Dec 13, 2024 / Dwaipayan Bose | 15 Downloaded | 1440 Viewed | |
2024 market wrap up: How to evaluate your portfolio performance
Picture courtesy - Freepik

The year that was

The year 2024 has been an eventful one that saw market climbing to record high and also deep corrections. Geopolitical tensions as well as the Lok Sabha and US Presidential Election, coupled with the anticipation surrounding the Fed rate cuts fuelled the volatility in the markets. The Nifty slipped below the psychologically important 24,000 level. US markets bounced back after the Republican victory in the US elections. Nifty closed the month of November 2024 above 24,000 levels. Though the market has consolidated from the bottom, there are concerns about economic growth as India’s GDP growth slumped to 5.4% in Q2 FY25 from 6.7% growth recorded in Q1 of the year (source: NSO as on 29th November 2024). At the same time, the deep correction in the market has brought valuations back to reasonable levels. As we enter the final month of CY 2024, this is a good time to review the performance and suitability of your portfolio and plan for any readjustments, if required.

Why do you need to review your portfolio?

It is good financial hygiene to review your portfolio at periodic intervals so that your investments remain aligned to changing goals and objectives. Portfolio review has to be done because of the following reasons:

  1. Financial goals may have changed: The end of the year is a good time to take a look at how your financial goals may have changed during the year. The arrival of a new member in the family, children going off to join higher studies, a special occasion on the cards needing more fund, etc. all call for a realignment of your investment portfolio to these changed goals.

  2. Investments may need to be replenished: While realigning your portfolio to your changed goals, you may find that your investments are not enough and may need replenishment in the form of added SIPs or top ups.

  3. Review of goals that have reached its tenure: Some goals like saving up for a new car might have reached its tenure and you would need to plan for the withdrawal of such funds.

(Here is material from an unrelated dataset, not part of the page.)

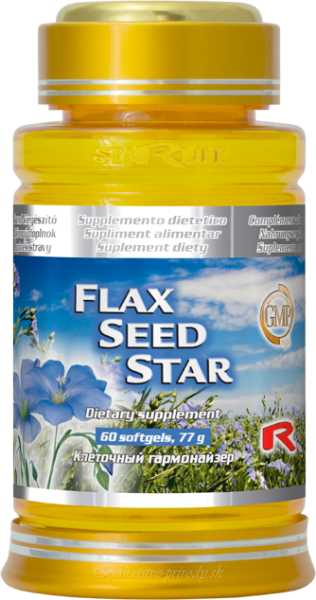 Flax Seed Star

  4. Realigning your investments with the changed goals: Financial goals have different time frames and with change in them and your age, it is important to review the portfolio. At the time of your yearly portfolio review you can review the changing nature of your goals and reallocate the assets to suit your needs as well your risk appetite.

  5. Review and reallocate funds from non-performing schemes to better performing ones: The end of the year review can help you target the non-performing funds and maybe think of reallocating your investments to better performing ones. However, exercise caution while doing this as evaluating the returns from funds during periods of volatility is not the best way to review their performance. You should measure returns from your investments over sufficiently long terms, e.g. 3 years or more.

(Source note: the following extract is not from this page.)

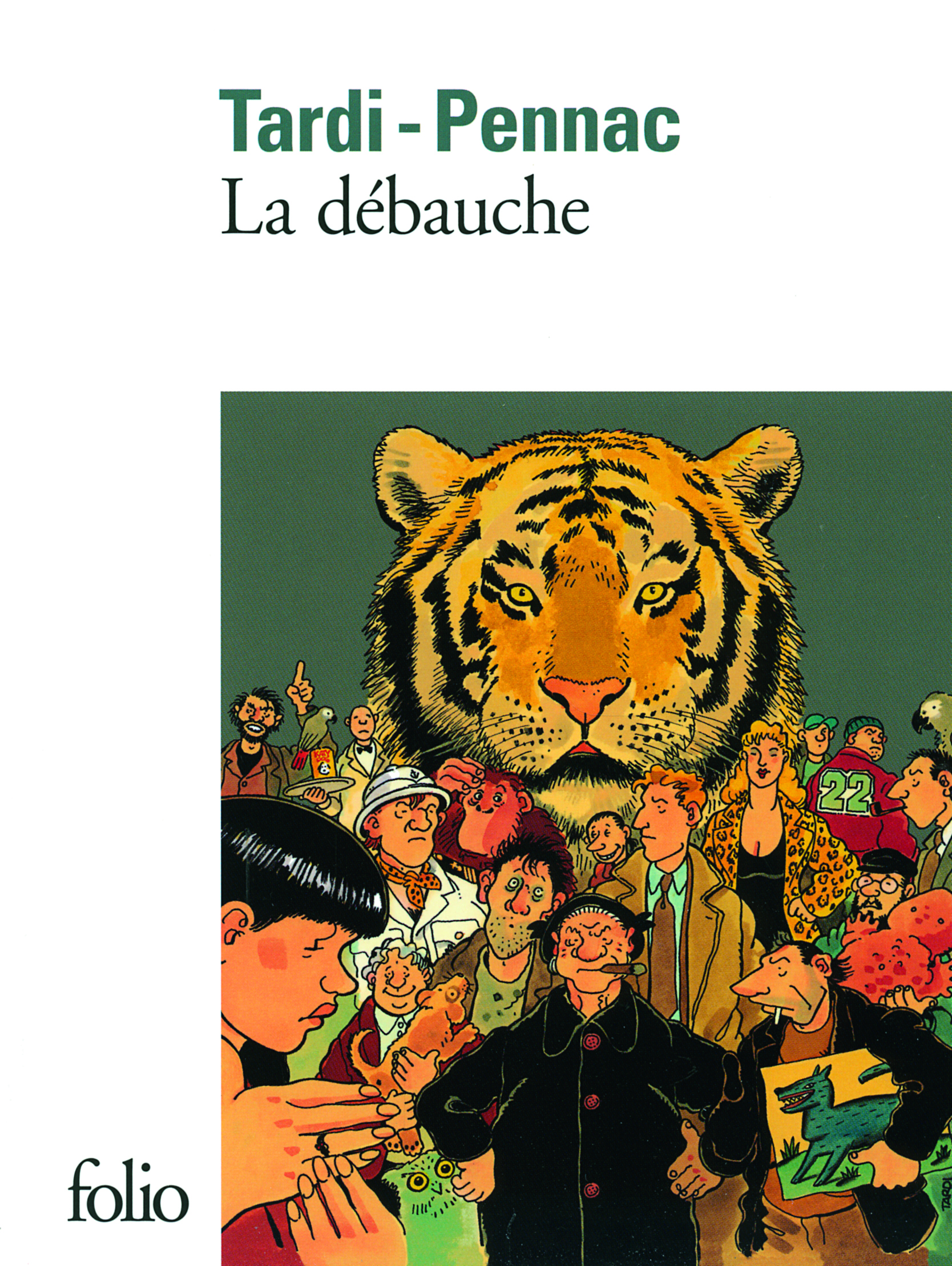 La débauche (9782070449798-front-cover)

  6. Review your asset allocation: The market value of each asset class changes over time due to different returns. This can make your asset allocation drift away from your target or desired asset allocation. If your asset allocation deviates significantly from your target allocation, then your portfolio risk may not be in sync with your risk appetite. You should review your asset allocation and rebalance your portfolio.

  7. Tax Planning: Tax planning is an important element of a sound financial plan. If you have already not done it, then December is a good time to review your tax obligations as it gives you just enough time till March when the new financial year starts. Review your mutual funds transactions made during the year paying close attention to any capital gains and your tax obligations arising out of it. Any dividends received should be added to your income and taxed according to your income tax rate. Also, if you have opted for the Old Tax Regime then make sure your investments in tax saving avenues are enough to claim the deductions under section 80C of Income Tax Act 1961.

Conclusion

In this article, we have discussed why you need to review your portfolio and the steps you can take to stay aligned with the dynamic nature of the market, while ensuring that you stay on track of your financial goals. Consult a mutual fund distributor or your financial planner if need help in reviewing your portfolio and make an action plan that can help you achieve your investment objectives. Please consult your financial advisor for all your investment decision.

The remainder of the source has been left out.